The church was designed by F. X. Velarde, and was built 1952-3, although plans had been drawn up before the war. It is large, built of pale grey-brown brick in English bond without cornice or parapet, in the architect’s distinctive interpretation of the Romanesque style. A tall southeast campanile, attached to the nave by a huge curved buttress, has an octagonal stone lantern topped by a copper pyramid roof. The baptistery, a cube with a pyramid roof is also expressed as a separate feature. The main church consists of a nave, with aisles, one of which is aligned on the Lady Chapel, and sanctuary. A choir gallery is placed above the sacristy, separated from the sanctuary by a phosphor bronze grille. The exterior sculpture includes a Pietà at the base of the tower, a cast stone figure of Christ of the Resurrection set against the west rose window, and smaller figures depicting the English Martyrs and the Church Militant in the form of angelic hosts along the south aisle wall and around the sanctuary.

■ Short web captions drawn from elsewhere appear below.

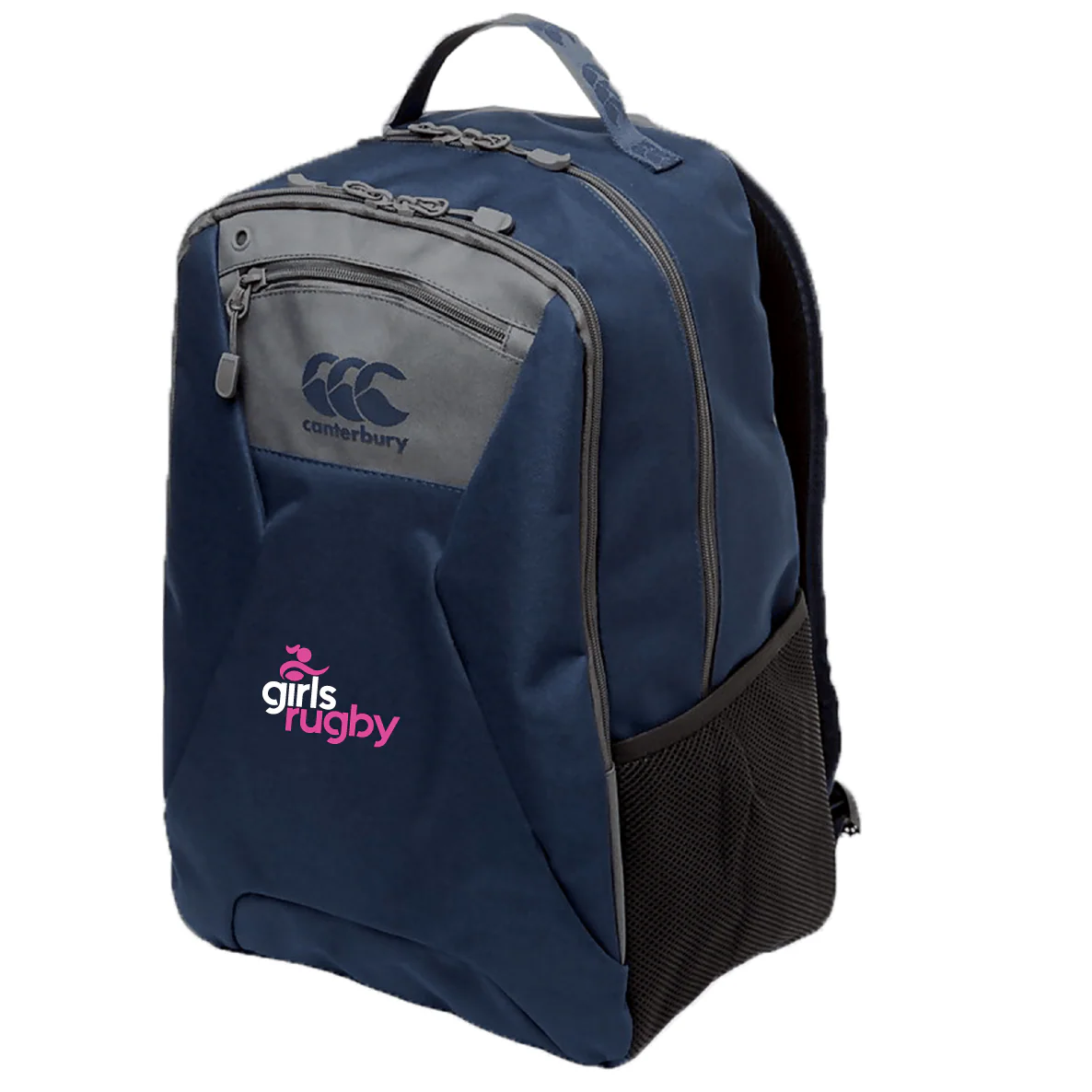 Girls Rugby Medium Backpack by Canterbury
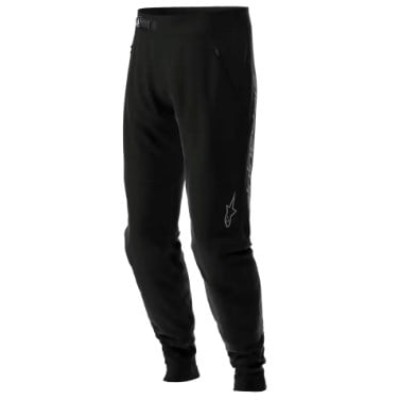 Παντελόνι ποδηλασίας ALPINESTARS A-DURA ELITE 2.0 BLACK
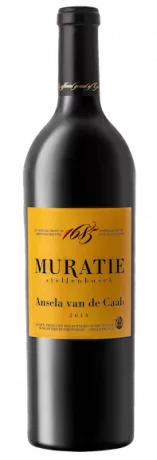 Muratie Wine Estate Ansela van de Caab 2019 je Flasche 23.30€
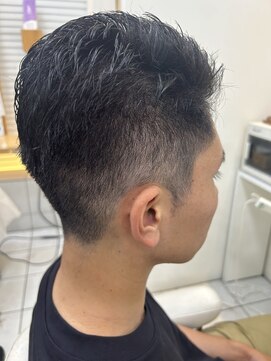 ディルガ 加賀の里店(Dilga) ベリーショート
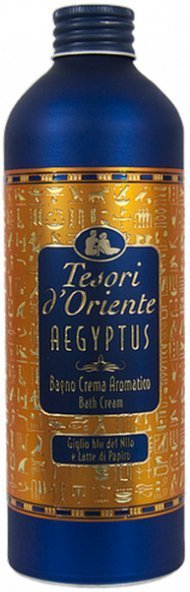 

Tesori d'Oriente Aegyptus Bath Cream крем-гель для ванны 500 ml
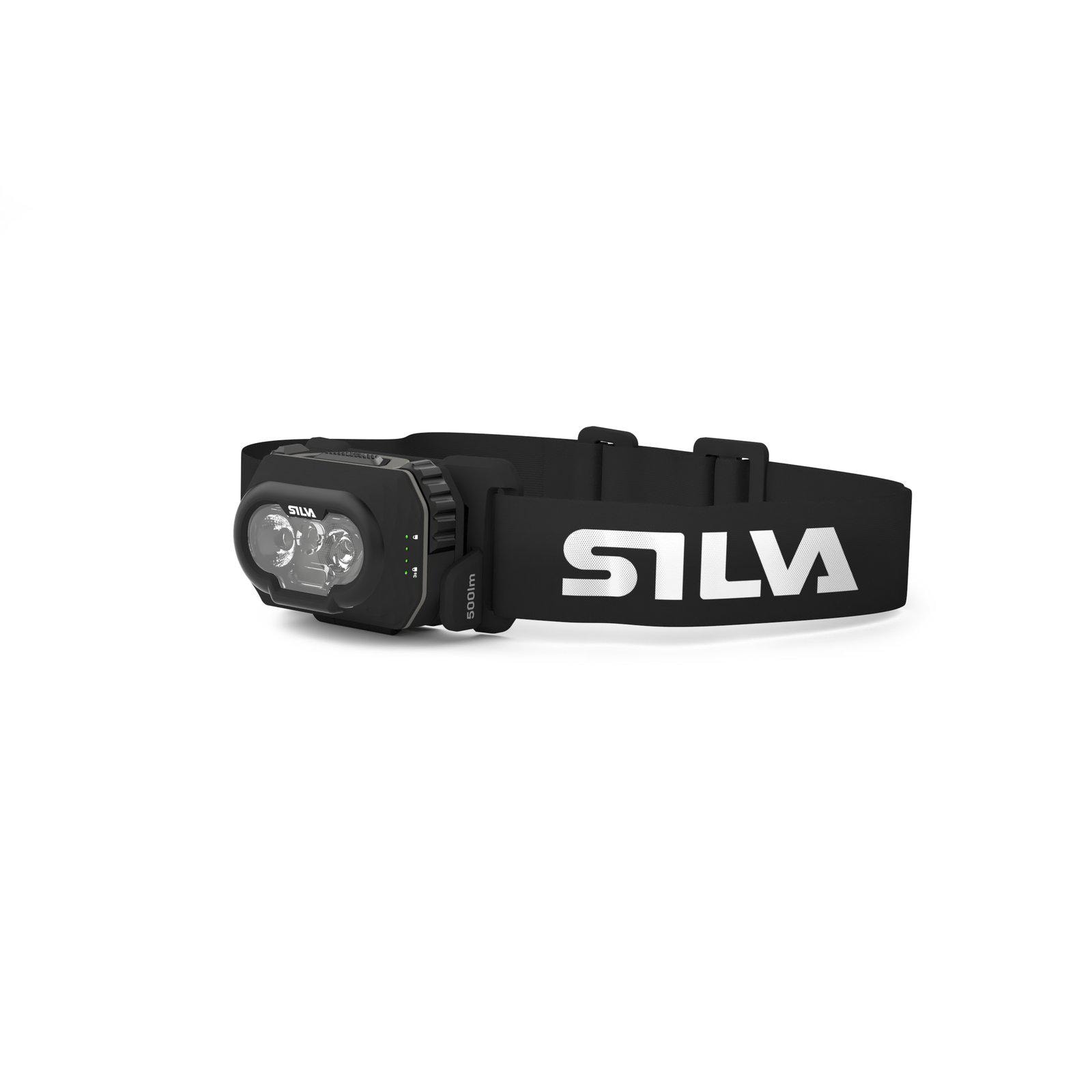 Silva Discover Black Headlamp -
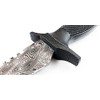 Falcon 12" Tactical Fixed Blade Outdoor Machete, Pattern Fixed Blade.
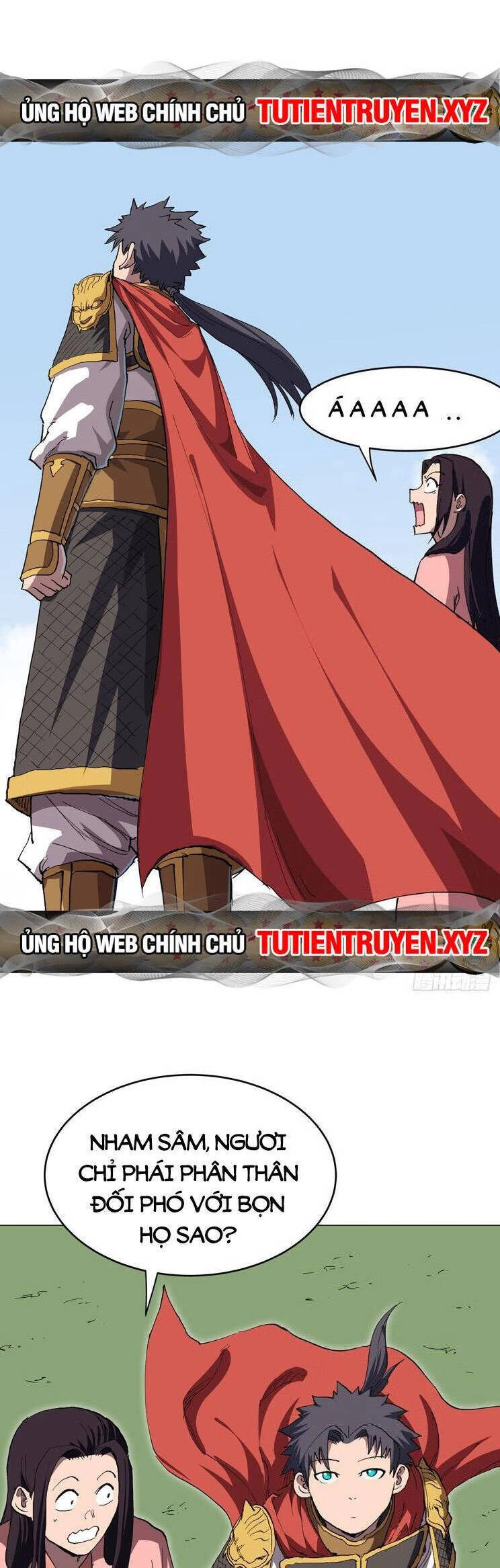 Tu Tiên Giả Đại Chiến Siêu Năng Lực Chapter 298 - 6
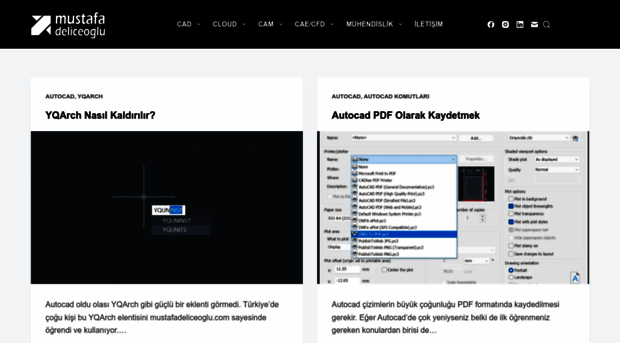 mustafadeliceoglu.com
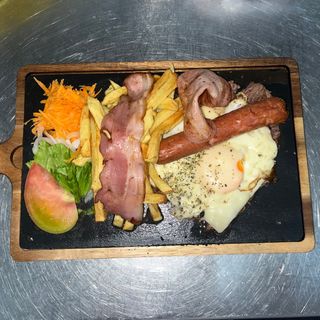 Prego no prato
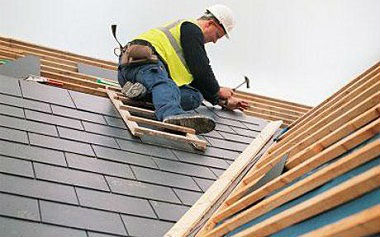 roofing man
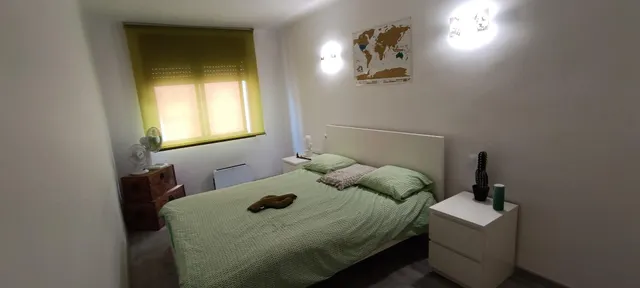 Buen apartamento con buena terraza, cerca del centro de Palamos — 31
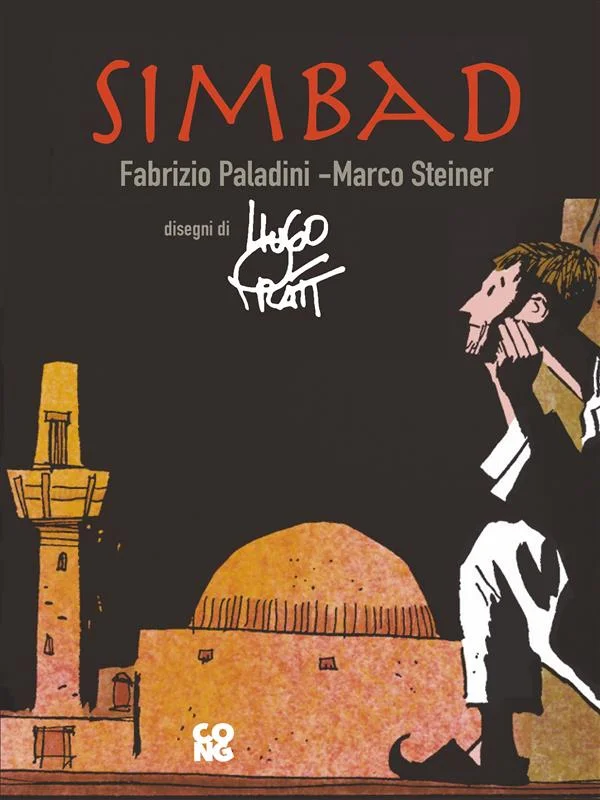 Simbad copertina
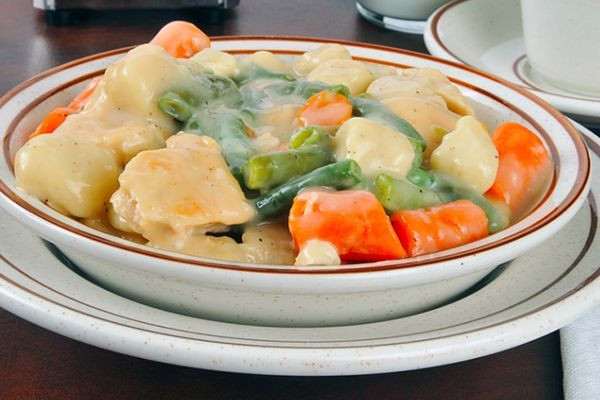 Healthy Chicken And Dumplings Slow Cooker
 Slow Cooker Chicken and Dumplings Recipe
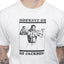 90's Bo Jackson Bootleg Tee - Large
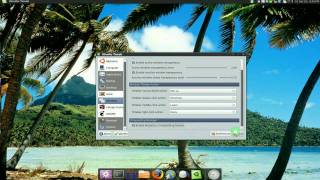 Compositing Manager - Metacity - Linux Mint 6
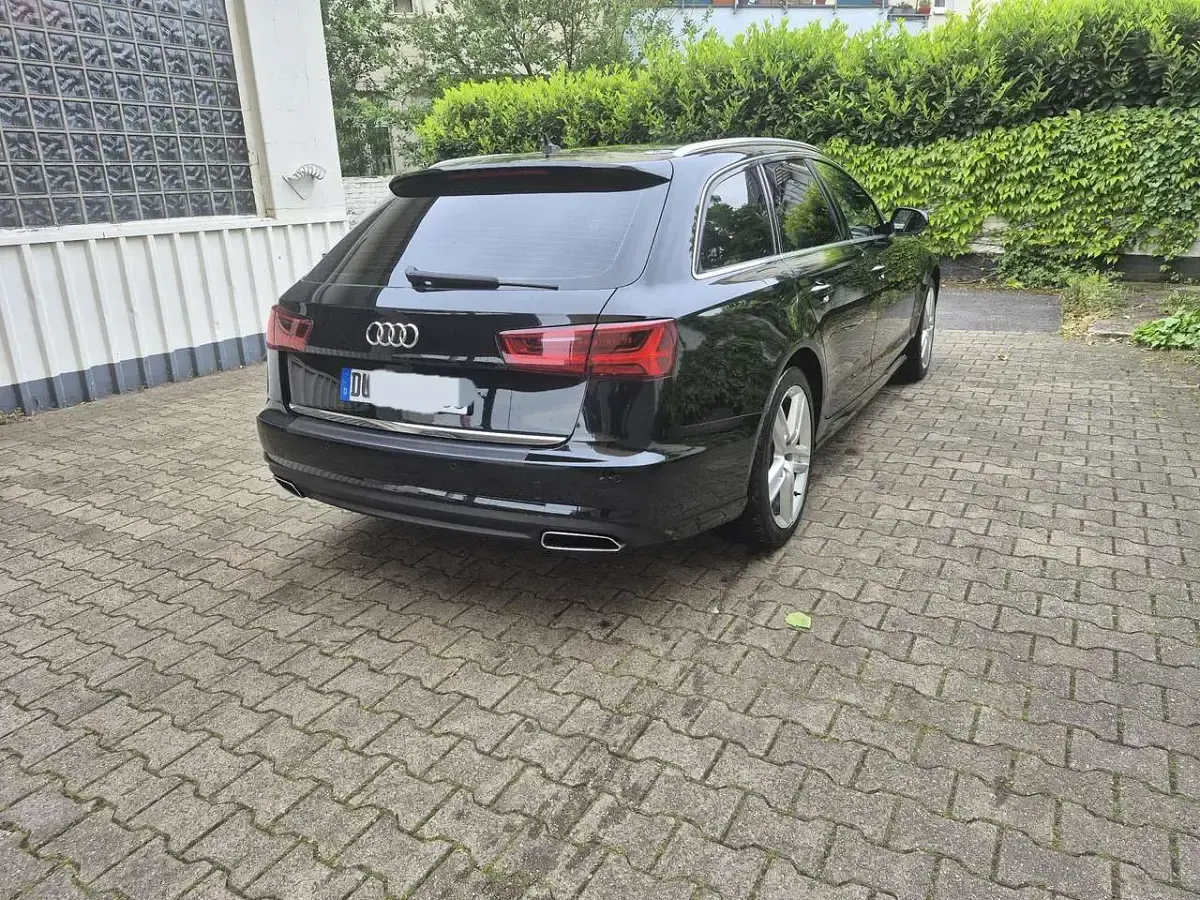 Gebraucht Audi A6 190 PS (139 kW) 2015 Kombi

The mass of sheer brickwork is also expressed internally, the side walls of the nave being carried on round arches resting on sturdy reinforced concrete columns. A mighty arch separates the nave and sanctuary. The clerestory windows are punched into the bricks in a cruciform pattern, whilst the sanctuary has three tiers of round- arched windows again in a cruciform arrangement. Attention is focussed on the sanctuary with its bold expressionist sculptural ensemble. The high altar slab is supported on a truncated oval with a relief carving of the Angel of Agony offering the chalice. This is set off against the reredos that recalls the Last Supper with effigies of the twelve disciples rising in a pyramid to the head of Christ at the summit. An enormous scene of the Crucifixion in metal is suspended against the east wall. In the adjacent Lady Chapel, an altar supports a statue of Our Lady with St John Fisher, holding his axe of martyrdom and offering a bouquet of roses, representing the English Martyrs.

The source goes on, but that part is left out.